**TASK BRIEF:**
The reply must contain exactly the lines below from the one with "Central Precocious Puberty: Revisiting" down to the one with "Moncler Girocollo Tricot", both included, and nothing more; please omit the pictures.
*** Opening DATASET EXCERPTS ***
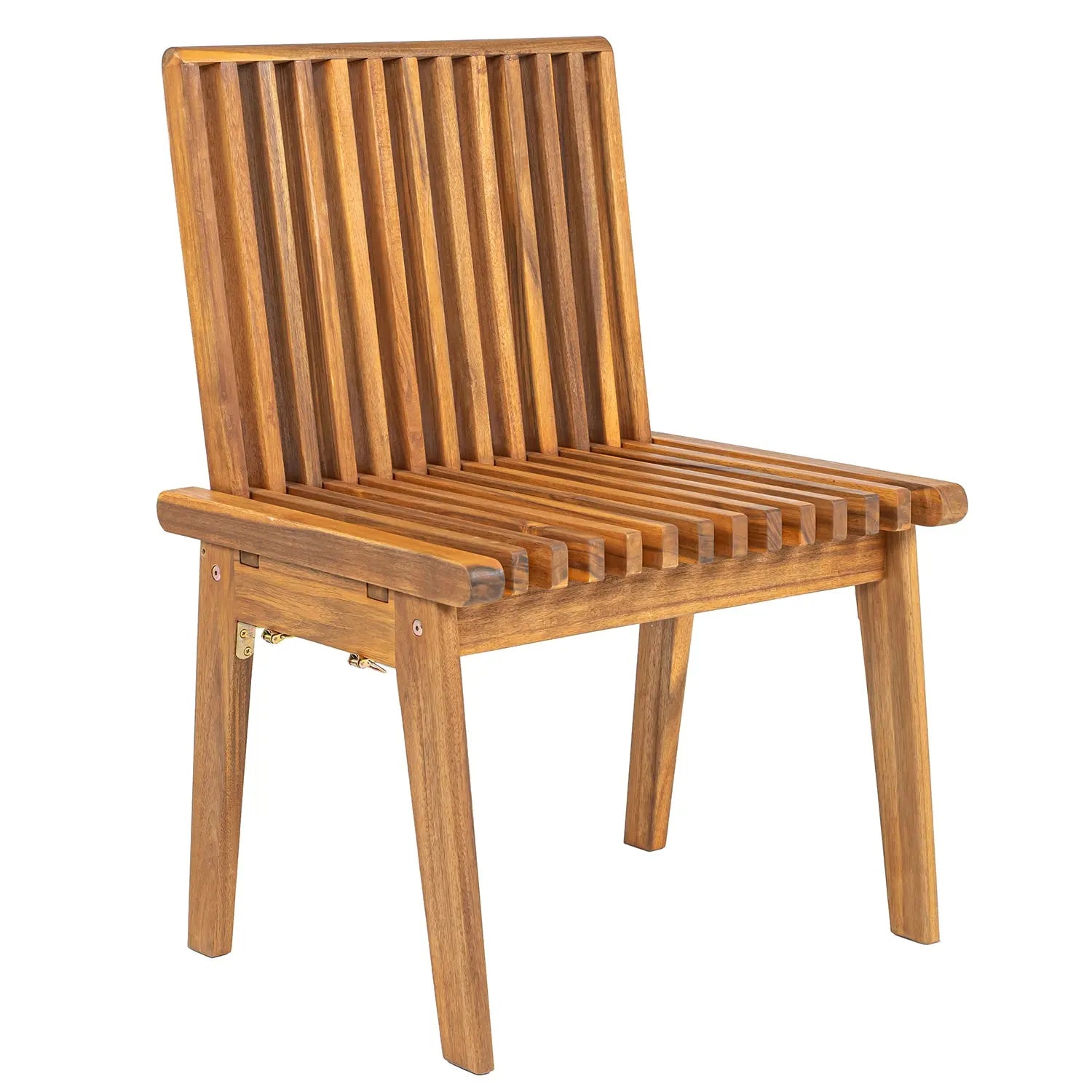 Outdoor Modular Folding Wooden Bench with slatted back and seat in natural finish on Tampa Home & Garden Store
*** Closing DATASET EXCERPTS ***
*** Opening DATASET EXCERPTS ***
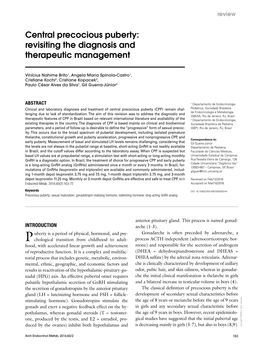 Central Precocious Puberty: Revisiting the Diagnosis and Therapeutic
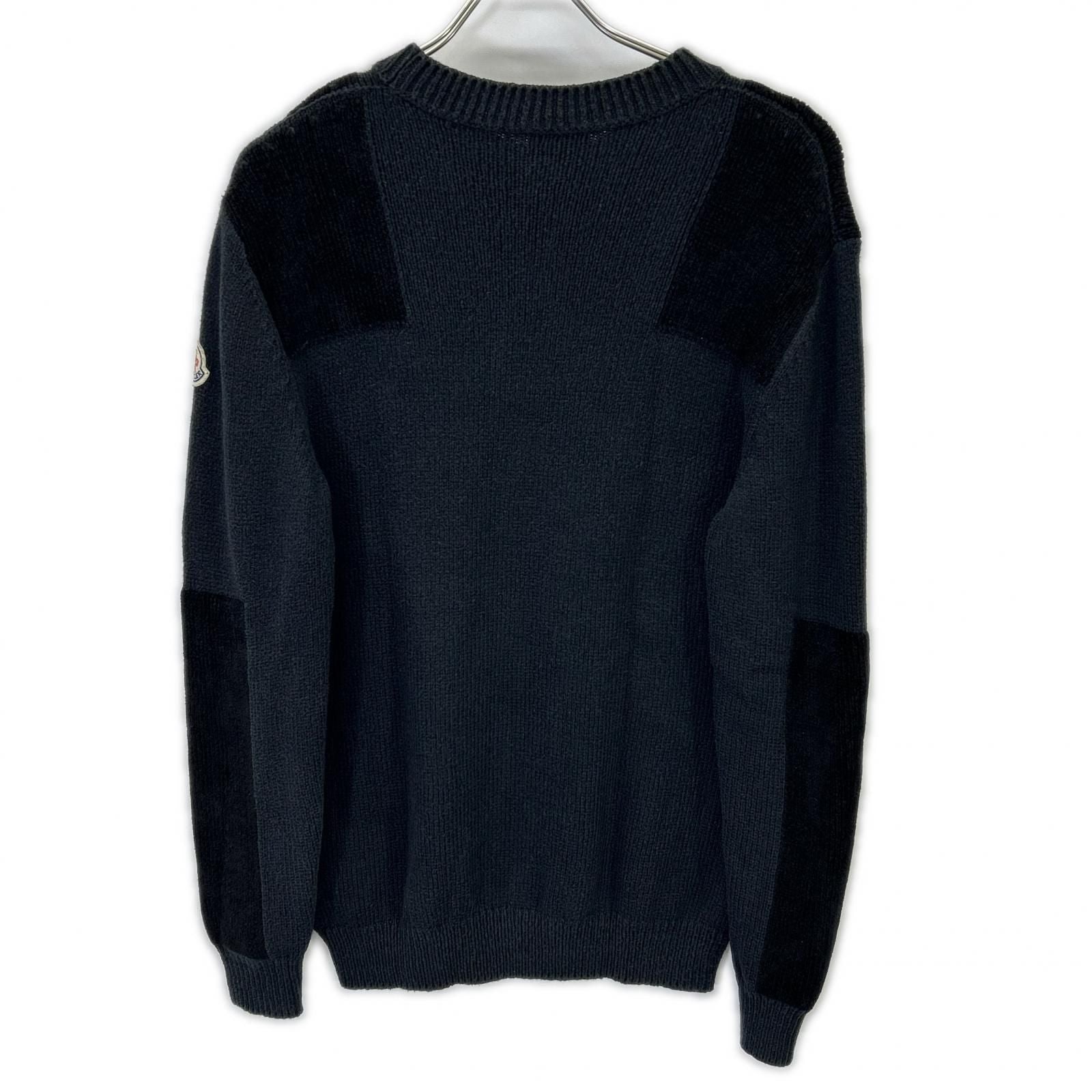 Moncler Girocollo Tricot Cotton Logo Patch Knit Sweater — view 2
*** Closing DATASET EXCERPTS ***
*** Opening DATASET EXCERPTS ***
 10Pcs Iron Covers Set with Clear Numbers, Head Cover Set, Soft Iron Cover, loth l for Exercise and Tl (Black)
*** Closing DATASET EXCERPTS ***
**ANSWER BELOW:**
 Central Precocious Puberty: Revisiting the Diagnosis and Therapeutic
 Moncler Girocollo Tricot Cotton Logo Patch Knit Sweater — view 2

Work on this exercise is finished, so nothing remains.